■ **WHAT TO DO**: Every entry below should be transcribed exactly; pictures stay out of the copy.

Records drawn from a dataset

____

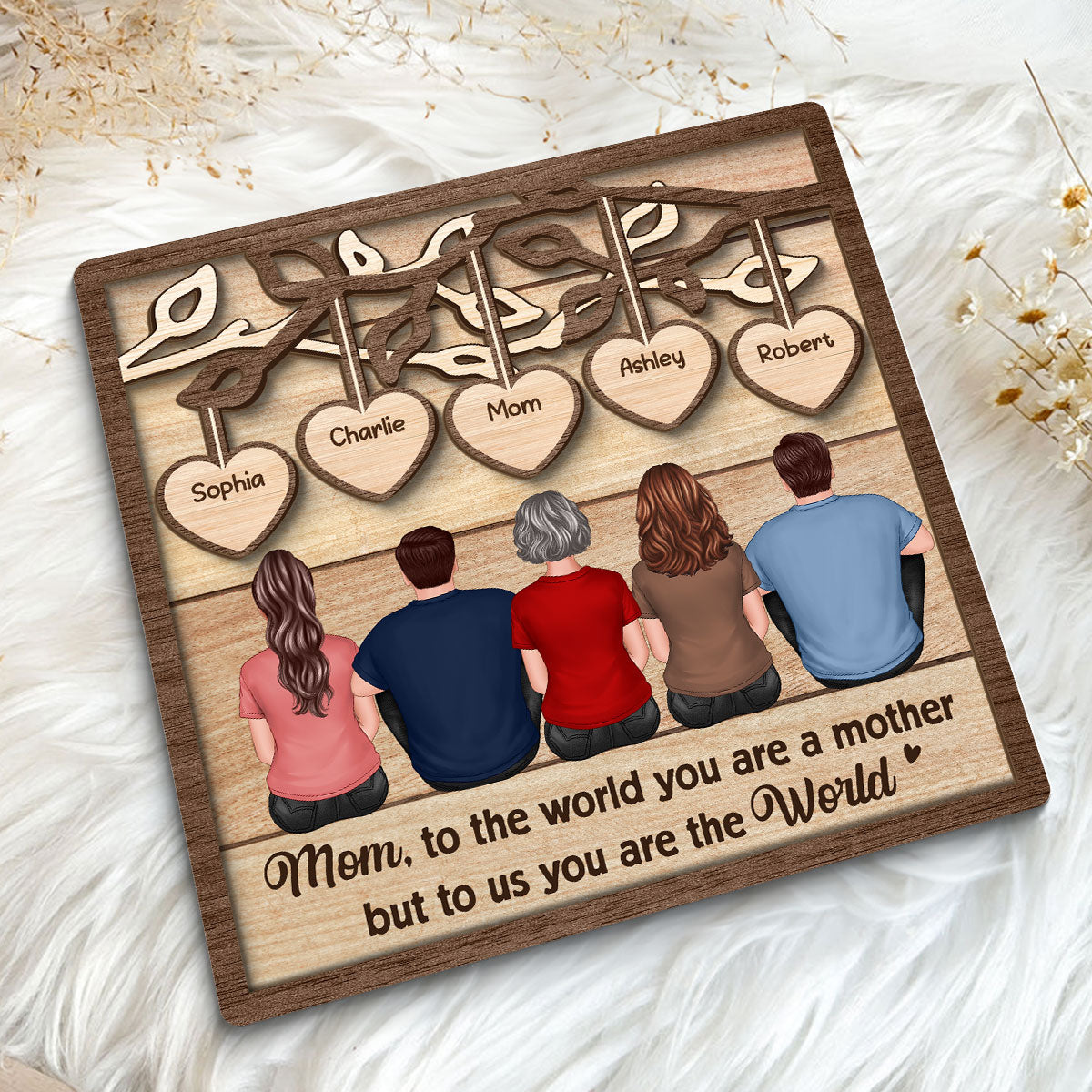 Back View Mom And Daughters Sons Sitting Under Heart Tree Gift For Mom Personalized 2-Layer Wooden Plaque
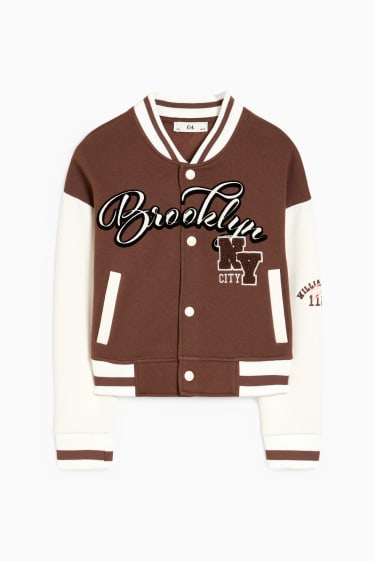 Kinder Mädchen - Collegejacke - dunkelbraun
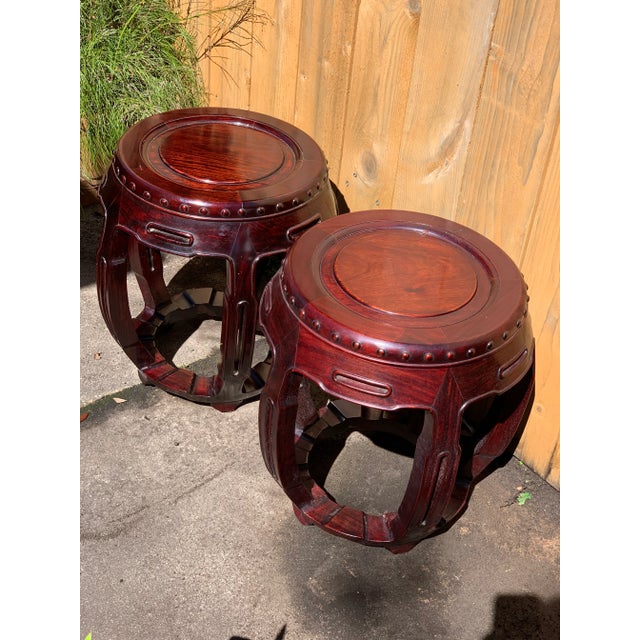 Vintage Chinese Rosewood Garden Stools-A Pair For Sale - Image 4 of 13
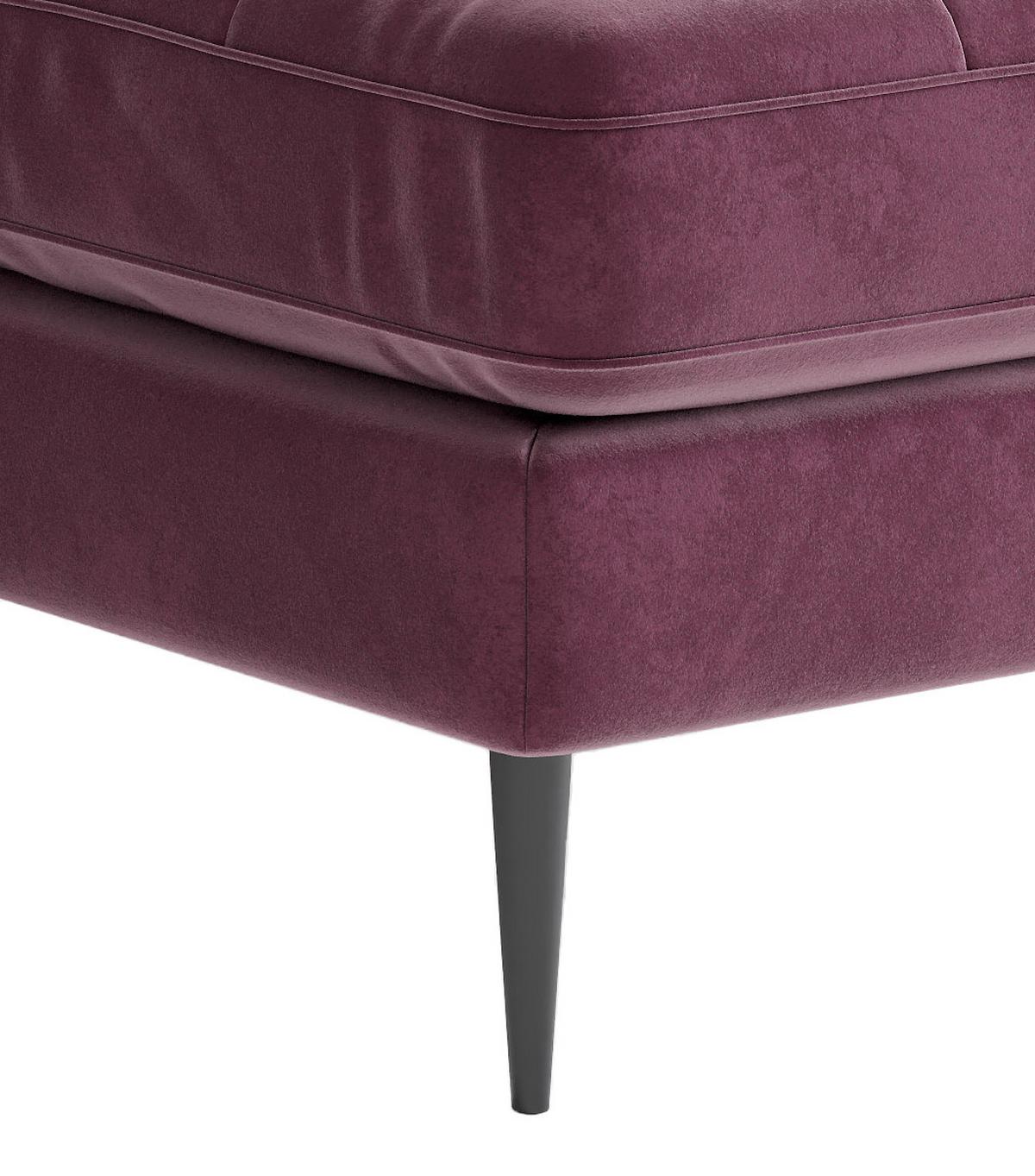 Ecksofa Scott - Edelstahlfarben/Weinrot, Design, Textil (205/259cm) - Livetastic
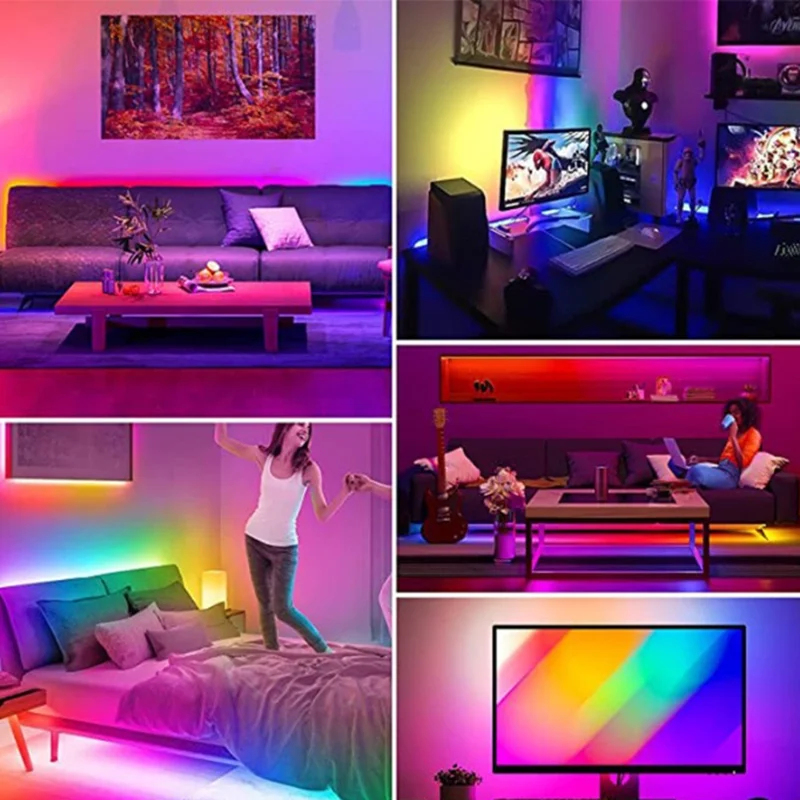 5V Colorful USB Light Bar RGB Flashing Color Change 5050 Flow Light with Running Horse Lantern Desktop Atmosphere Lamp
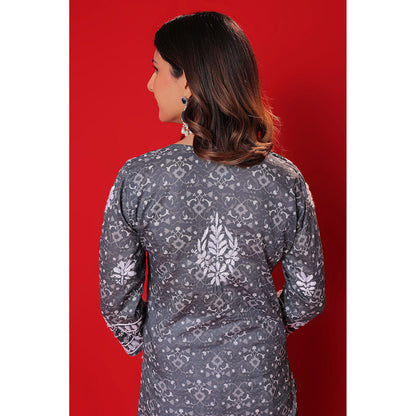 House of Chikankari Meher Mulmul Chikankari Printed Women Long Kurta Green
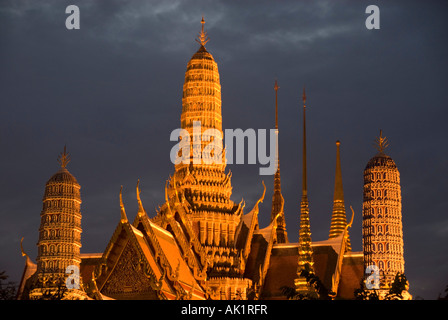 The Grand Royal Palace and Wat Phra Kaeo at night Bangkok Thailand Stock Photo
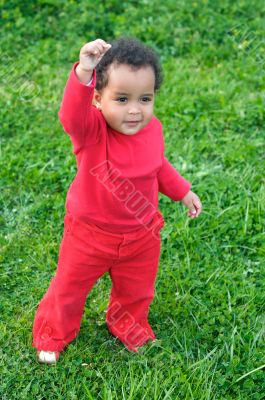 Baby playing on the grass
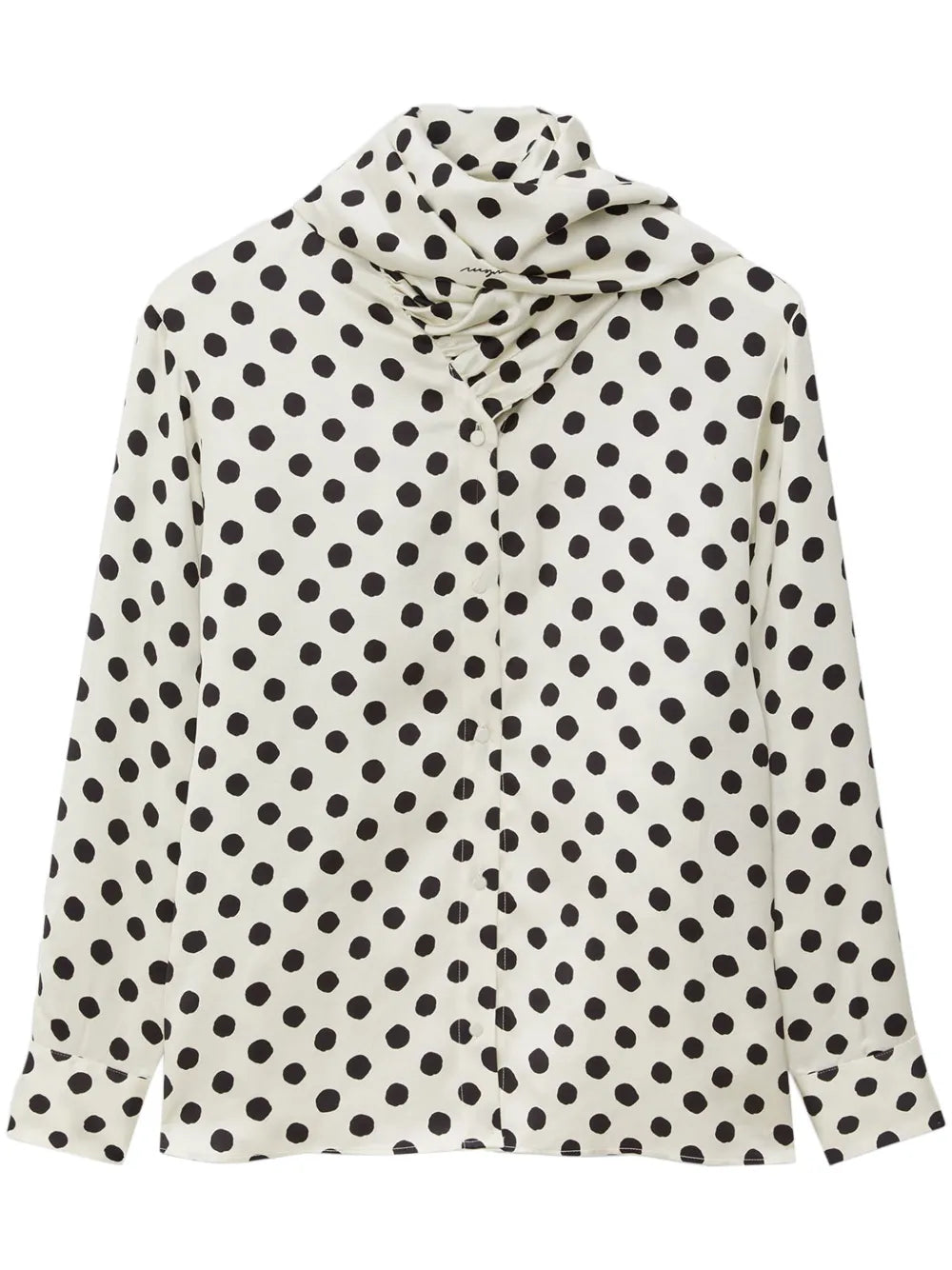 Polka Dot-Print Gathered-Detail Shirt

____

■ **WRITTEN REPLY**:
 Back View Mom And Daughters Sons Sitting Under Heart Tree Gift For Mom Personalized 2-Layer Wooden Plaque
 Kinder Mädchen - Collegejacke - dunkelbraun
 Vintage Chinese Rosewood Garden Stools-A Pair For Sale - Image 4 of 13
 Ecksofa Scott - Edelstahlfarben/Weinrot, Design, Textil (205/259cm) - Livetastic
 5V Colorful USB Light Bar RGB Flashing Color Change 5050 Flow Light with Running Horse Lantern Desktop Atmosphere Lamp
 House of Chikankari Meher Mulmul Chikankari Printed Women Long Kurta Green
 The Grand Royal Palace and Wat Phra Kaeo at night Bangkok Thailand Stock Photo
 Baby playing on the grass
 Polka Dot-Print Gathered-Detail Shirt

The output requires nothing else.